▶ **WHAT YOU WILL DO**
From the entries below, retype only the lines from the one with "Snapshot of Sexy-CallCenter" through the one with "Lexus ES300h 7th Generation превью 9", exactly as written.

▶ **EXERCISE INPUT**
______

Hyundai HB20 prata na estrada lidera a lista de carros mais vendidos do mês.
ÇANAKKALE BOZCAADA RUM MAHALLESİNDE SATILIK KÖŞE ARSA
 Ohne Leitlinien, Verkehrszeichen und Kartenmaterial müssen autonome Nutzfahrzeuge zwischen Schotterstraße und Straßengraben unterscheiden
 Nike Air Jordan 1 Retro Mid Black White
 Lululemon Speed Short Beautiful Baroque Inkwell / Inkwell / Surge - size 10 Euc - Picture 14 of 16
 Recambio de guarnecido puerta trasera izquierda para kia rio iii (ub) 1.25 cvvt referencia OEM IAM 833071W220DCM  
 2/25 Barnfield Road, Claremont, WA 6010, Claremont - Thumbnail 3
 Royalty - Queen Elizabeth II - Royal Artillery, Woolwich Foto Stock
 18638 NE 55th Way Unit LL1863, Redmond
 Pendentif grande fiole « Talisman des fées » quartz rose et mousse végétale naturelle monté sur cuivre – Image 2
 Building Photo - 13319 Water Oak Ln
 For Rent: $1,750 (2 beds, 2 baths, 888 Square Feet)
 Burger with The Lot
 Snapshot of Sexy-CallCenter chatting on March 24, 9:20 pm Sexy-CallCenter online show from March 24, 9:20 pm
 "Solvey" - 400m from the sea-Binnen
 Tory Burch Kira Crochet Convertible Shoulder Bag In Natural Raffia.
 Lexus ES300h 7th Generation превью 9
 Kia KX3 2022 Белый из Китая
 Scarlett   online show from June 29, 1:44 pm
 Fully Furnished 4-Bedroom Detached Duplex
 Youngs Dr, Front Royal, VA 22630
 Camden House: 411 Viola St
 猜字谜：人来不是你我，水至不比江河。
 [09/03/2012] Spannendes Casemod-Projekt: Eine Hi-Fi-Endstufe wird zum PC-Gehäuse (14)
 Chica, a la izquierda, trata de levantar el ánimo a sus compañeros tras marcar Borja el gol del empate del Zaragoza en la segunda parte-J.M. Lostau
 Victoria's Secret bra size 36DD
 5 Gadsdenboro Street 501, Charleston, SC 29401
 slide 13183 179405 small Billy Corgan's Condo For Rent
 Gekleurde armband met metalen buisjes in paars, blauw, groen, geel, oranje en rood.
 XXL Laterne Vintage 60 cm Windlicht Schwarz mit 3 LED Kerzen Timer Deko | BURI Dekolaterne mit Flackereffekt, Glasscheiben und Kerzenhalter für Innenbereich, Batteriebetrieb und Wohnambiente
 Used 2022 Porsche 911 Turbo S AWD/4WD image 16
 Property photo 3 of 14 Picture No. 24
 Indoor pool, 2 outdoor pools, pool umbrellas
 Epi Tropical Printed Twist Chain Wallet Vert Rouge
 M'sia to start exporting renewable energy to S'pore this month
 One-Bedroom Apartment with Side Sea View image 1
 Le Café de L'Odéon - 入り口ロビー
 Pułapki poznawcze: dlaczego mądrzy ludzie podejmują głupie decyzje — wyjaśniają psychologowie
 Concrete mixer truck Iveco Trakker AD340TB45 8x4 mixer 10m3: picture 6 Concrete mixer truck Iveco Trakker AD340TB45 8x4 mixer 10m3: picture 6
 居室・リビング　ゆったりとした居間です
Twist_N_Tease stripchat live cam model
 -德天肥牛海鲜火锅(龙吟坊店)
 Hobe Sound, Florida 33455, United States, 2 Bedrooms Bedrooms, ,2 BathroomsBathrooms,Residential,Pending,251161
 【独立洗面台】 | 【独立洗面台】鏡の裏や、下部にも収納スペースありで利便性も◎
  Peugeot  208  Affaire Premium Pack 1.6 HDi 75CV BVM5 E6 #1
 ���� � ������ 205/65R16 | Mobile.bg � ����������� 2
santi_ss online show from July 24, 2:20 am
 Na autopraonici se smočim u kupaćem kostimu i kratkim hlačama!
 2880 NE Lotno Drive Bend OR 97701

______

▶ **RESPONSE TO THE EXERCISE**
 Snapshot of Sexy-CallCenter chatting on March 24, 9:20 pm Sexy-CallCenter online show from March 24, 9:20 pm
 "Solvey" - 400m from the sea-Binnen
 Tory Burch Kira Crochet Convertible Shoulder Bag In Natural Raffia.
 Lexus ES300h 7th Generation превью 9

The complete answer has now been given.